◆ Your assignment ◆
In the entries that follow, which lines hold the string "photo"? List them.
◆ ◆ ◆
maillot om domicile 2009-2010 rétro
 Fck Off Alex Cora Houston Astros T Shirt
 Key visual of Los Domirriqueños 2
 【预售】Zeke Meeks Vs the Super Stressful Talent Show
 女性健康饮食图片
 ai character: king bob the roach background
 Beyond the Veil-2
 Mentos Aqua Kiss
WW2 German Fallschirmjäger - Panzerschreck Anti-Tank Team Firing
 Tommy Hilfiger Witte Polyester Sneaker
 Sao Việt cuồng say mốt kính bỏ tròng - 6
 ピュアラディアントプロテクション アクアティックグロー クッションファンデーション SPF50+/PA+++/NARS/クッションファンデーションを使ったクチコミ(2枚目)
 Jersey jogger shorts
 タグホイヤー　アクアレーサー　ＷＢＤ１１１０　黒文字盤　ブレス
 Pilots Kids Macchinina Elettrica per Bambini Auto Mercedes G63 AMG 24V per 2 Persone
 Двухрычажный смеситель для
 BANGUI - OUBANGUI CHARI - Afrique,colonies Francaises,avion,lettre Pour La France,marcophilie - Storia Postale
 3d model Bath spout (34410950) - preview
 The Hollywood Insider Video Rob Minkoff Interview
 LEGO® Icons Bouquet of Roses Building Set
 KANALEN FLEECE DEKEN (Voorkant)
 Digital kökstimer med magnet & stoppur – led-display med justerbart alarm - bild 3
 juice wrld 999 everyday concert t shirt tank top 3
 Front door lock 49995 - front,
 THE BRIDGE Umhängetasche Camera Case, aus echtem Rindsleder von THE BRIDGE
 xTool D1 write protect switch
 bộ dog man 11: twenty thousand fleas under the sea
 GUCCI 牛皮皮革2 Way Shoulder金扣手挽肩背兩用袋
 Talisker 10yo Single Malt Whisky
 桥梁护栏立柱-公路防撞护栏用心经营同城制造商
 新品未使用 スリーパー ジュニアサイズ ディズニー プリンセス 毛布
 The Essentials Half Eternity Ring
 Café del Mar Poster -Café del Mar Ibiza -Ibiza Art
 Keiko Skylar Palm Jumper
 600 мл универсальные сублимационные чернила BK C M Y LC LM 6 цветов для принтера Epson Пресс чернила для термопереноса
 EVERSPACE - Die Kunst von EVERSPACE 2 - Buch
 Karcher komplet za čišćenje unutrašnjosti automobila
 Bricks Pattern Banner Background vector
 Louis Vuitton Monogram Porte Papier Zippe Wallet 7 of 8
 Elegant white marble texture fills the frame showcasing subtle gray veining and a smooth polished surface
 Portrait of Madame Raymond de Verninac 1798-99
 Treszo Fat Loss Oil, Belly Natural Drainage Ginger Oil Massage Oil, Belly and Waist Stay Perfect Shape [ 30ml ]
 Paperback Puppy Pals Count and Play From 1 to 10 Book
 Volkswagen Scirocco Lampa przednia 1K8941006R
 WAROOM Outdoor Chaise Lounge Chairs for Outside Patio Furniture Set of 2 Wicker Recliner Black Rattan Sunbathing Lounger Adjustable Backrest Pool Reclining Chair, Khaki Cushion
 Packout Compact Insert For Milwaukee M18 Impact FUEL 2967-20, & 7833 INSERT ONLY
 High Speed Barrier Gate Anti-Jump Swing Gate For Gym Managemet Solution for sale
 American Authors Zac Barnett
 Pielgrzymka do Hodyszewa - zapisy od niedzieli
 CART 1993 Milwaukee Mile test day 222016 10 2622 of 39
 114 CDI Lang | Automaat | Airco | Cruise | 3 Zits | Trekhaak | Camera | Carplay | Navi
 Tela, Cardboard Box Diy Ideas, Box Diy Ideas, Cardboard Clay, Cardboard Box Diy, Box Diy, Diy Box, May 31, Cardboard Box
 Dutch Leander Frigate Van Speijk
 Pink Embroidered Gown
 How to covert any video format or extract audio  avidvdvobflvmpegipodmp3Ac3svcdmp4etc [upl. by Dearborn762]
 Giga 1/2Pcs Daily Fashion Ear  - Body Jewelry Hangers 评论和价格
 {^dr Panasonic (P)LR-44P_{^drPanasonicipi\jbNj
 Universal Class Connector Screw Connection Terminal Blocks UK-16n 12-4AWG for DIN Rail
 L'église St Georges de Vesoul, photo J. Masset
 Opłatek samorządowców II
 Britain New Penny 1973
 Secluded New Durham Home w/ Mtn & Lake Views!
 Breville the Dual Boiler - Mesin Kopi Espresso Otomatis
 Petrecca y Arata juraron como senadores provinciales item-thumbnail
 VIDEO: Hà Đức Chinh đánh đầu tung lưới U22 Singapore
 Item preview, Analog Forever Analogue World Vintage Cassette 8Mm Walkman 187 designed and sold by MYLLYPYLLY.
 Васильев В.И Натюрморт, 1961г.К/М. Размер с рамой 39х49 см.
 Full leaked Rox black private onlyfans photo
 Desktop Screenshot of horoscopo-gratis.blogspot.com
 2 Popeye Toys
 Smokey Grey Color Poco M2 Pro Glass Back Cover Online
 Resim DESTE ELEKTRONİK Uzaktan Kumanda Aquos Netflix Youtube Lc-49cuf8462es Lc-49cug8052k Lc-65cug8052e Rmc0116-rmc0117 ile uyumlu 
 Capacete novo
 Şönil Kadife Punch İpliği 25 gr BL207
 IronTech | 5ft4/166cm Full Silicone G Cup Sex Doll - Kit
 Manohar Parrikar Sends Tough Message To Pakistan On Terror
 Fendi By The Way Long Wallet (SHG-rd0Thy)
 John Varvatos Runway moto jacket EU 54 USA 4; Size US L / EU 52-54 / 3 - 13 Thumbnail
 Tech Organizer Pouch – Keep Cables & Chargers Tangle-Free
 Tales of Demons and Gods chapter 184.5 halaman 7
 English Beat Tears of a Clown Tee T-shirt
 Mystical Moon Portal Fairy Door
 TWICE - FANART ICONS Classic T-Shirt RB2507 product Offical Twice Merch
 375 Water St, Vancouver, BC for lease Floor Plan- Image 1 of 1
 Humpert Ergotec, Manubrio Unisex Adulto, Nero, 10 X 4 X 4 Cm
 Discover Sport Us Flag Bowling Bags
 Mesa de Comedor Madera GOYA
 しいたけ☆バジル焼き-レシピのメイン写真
◆ ◆ ◆
◆ Result ◆
 L'église St Georges de Vesoul, photo J. Masset
 Full leaked Rox black private onlyfans photo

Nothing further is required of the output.